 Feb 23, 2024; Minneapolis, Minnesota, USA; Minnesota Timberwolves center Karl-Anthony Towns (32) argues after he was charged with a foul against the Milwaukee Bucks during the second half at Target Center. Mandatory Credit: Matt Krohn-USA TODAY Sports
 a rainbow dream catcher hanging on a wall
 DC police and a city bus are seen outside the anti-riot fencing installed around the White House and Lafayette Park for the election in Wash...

==

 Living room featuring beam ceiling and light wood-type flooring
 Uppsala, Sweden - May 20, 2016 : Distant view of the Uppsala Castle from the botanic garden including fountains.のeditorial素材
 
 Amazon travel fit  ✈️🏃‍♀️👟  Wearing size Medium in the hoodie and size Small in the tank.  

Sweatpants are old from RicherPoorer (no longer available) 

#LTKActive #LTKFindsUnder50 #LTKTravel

**TASK DETAILS**
Every line above from the line with "Living room featuring" to the line with "#LTKActive #LTKFindsUnder50 #LTKTravel", inclusive, must be returned exactly; no other line belongs in the reply.

**RESPONSE**
 Living room featuring beam ceiling and light wood-type flooring
 Uppsala, Sweden - May 20, 2016 : Distant view of the Uppsala Castle from the botanic garden including fountains.のeditorial素材
 
 Amazon travel fit  ✈️🏃‍♀️👟  Wearing size Medium in the hoodie and size Small in the tank.  

Sweatpants are old from RicherPoorer (no longer available) 

#LTKActive #LTKFindsUnder50 #LTKTravel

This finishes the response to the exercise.